» **What the task requires**
After locating the line with "Robe de bal" below, output it and each following line exactly, stopping after the line with "26x38cm von GOIUYTGM". No pictures.

» **Data**
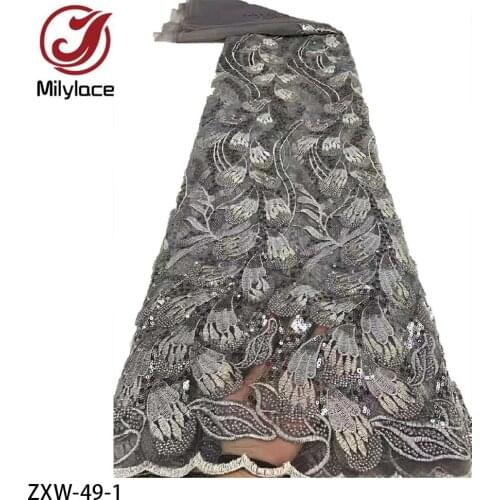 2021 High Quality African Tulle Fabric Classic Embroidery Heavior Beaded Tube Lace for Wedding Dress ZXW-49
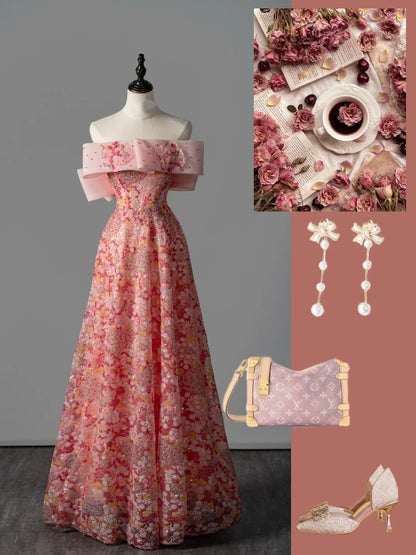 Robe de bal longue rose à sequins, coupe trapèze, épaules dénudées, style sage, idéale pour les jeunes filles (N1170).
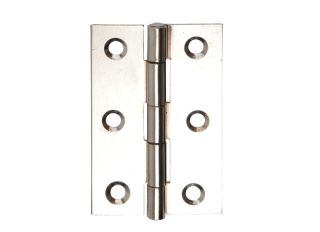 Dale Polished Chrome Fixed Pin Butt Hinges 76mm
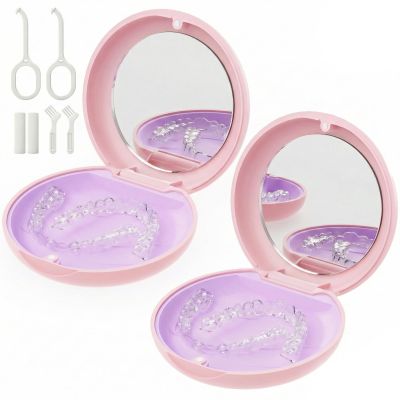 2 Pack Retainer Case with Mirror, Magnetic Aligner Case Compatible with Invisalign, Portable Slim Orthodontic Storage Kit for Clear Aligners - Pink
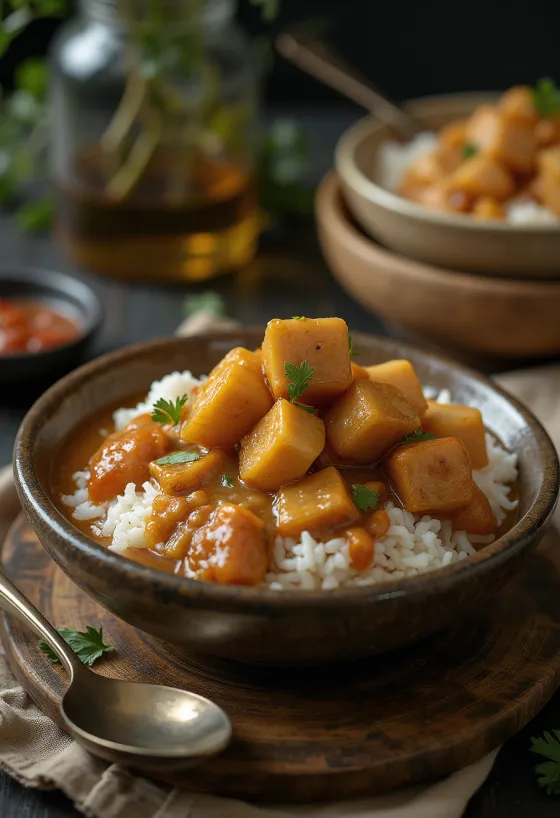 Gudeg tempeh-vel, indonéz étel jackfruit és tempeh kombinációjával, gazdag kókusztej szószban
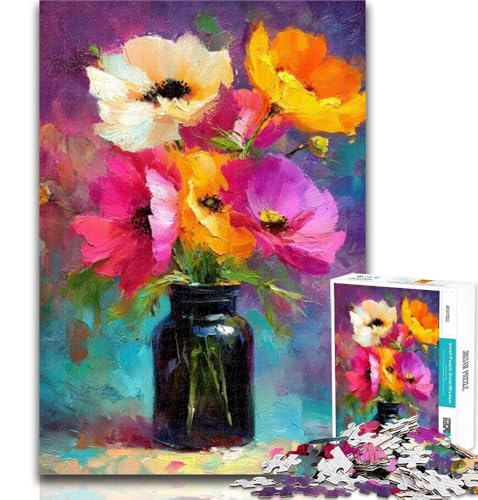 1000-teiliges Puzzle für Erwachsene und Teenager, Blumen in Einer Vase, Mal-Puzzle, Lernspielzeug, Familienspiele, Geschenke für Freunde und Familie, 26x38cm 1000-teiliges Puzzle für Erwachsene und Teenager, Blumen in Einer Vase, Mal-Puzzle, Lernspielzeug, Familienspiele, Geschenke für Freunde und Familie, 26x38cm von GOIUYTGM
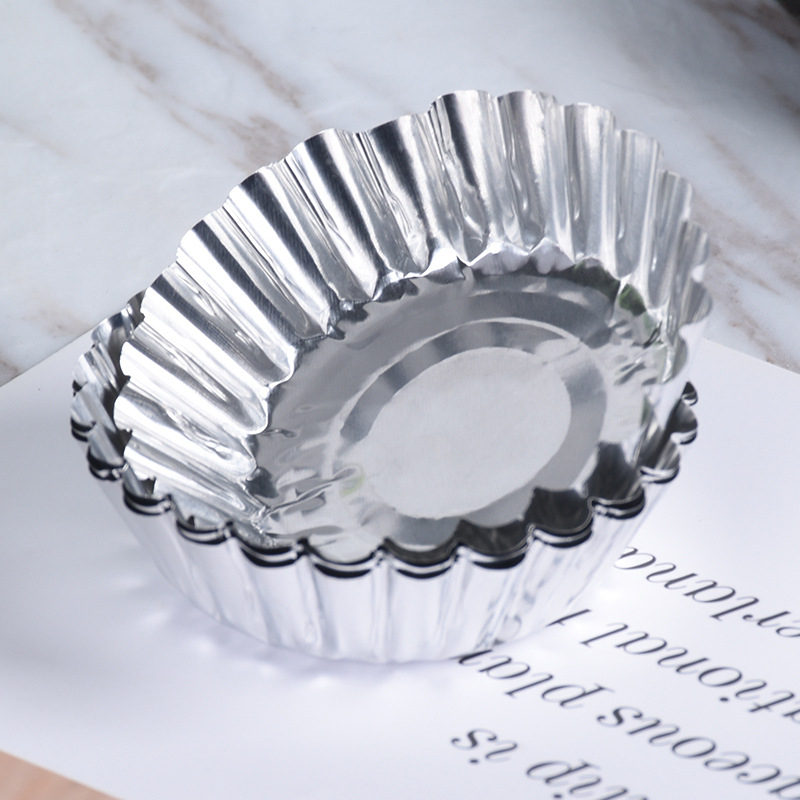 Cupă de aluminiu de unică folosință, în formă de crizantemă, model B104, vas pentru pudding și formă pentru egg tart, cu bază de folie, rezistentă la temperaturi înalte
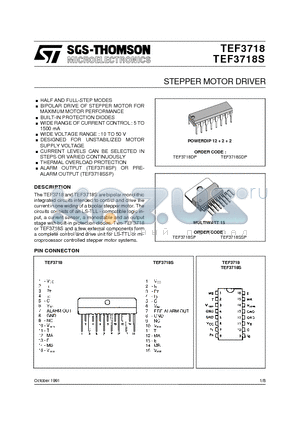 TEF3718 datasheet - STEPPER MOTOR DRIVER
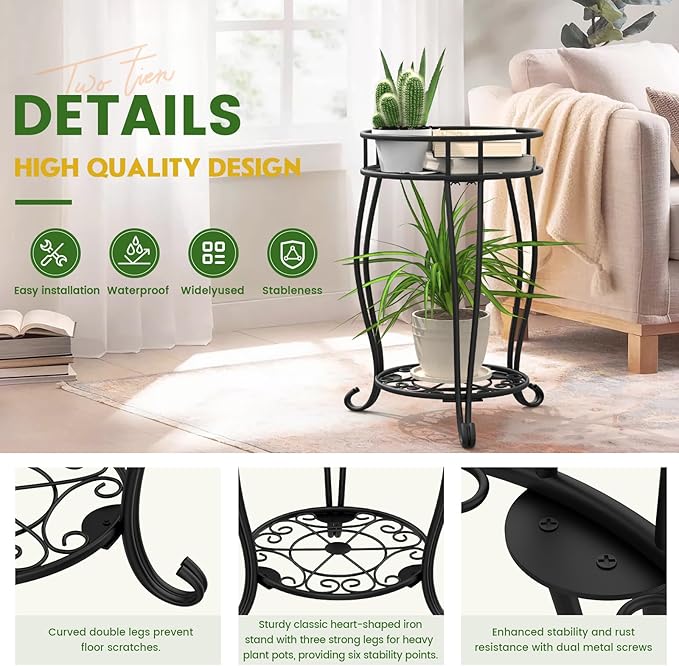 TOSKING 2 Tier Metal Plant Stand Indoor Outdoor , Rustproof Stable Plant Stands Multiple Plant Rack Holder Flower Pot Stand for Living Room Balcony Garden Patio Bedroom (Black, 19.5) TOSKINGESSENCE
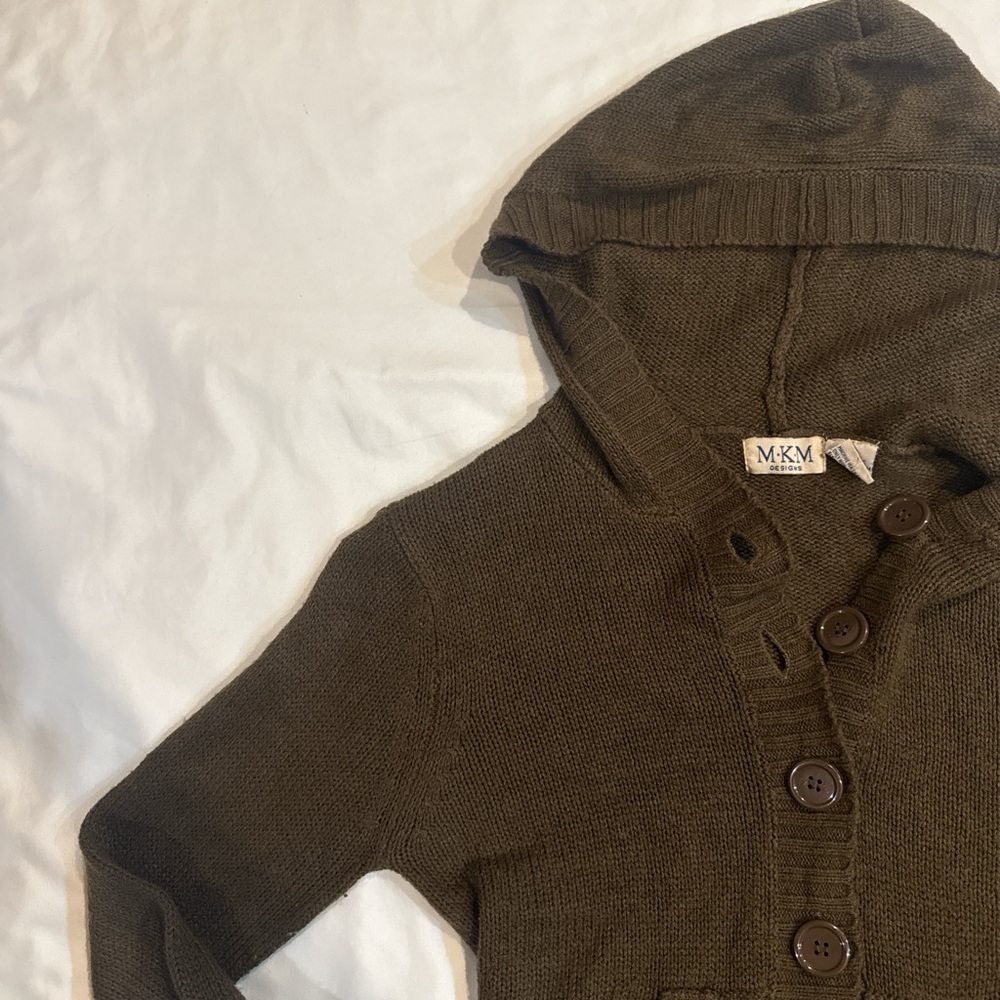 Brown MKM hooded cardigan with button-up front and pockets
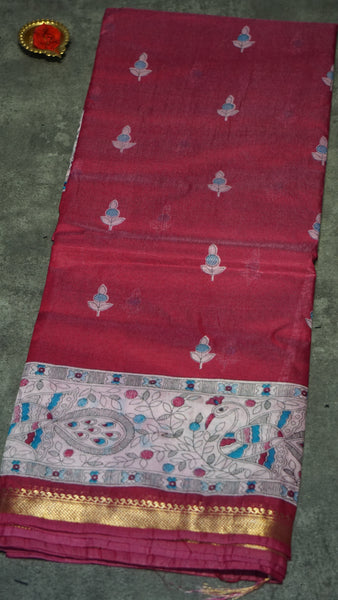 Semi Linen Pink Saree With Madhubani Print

» **Result of the exercise**
 Robe de bal longue rose à sequins, coupe trapèze, épaules dénudées, style sage, idéale pour les jeunes filles (N1170).
 Dale Polished Chrome Fixed Pin Butt Hinges 76mm
 2 Pack Retainer Case with Mirror, Magnetic Aligner Case Compatible with Invisalign, Portable Slim Orthodontic Storage Kit for Clear Aligners - Pink
 Gudeg tempeh-vel, indonéz étel jackfruit és tempeh kombinációjával, gazdag kókusztej szószban
 1000-teiliges Puzzle für Erwachsene und Teenager, Blumen in Einer Vase, Mal-Puzzle, Lernspielzeug, Familienspiele, Geschenke für Freunde und Familie, 26x38cm 1000-teiliges Puzzle für Erwachsene und Teenager, Blumen in Einer Vase, Mal-Puzzle, Lernspielzeug, Familienspiele, Geschenke für Freunde und Familie, 26x38cm von GOIUYTGM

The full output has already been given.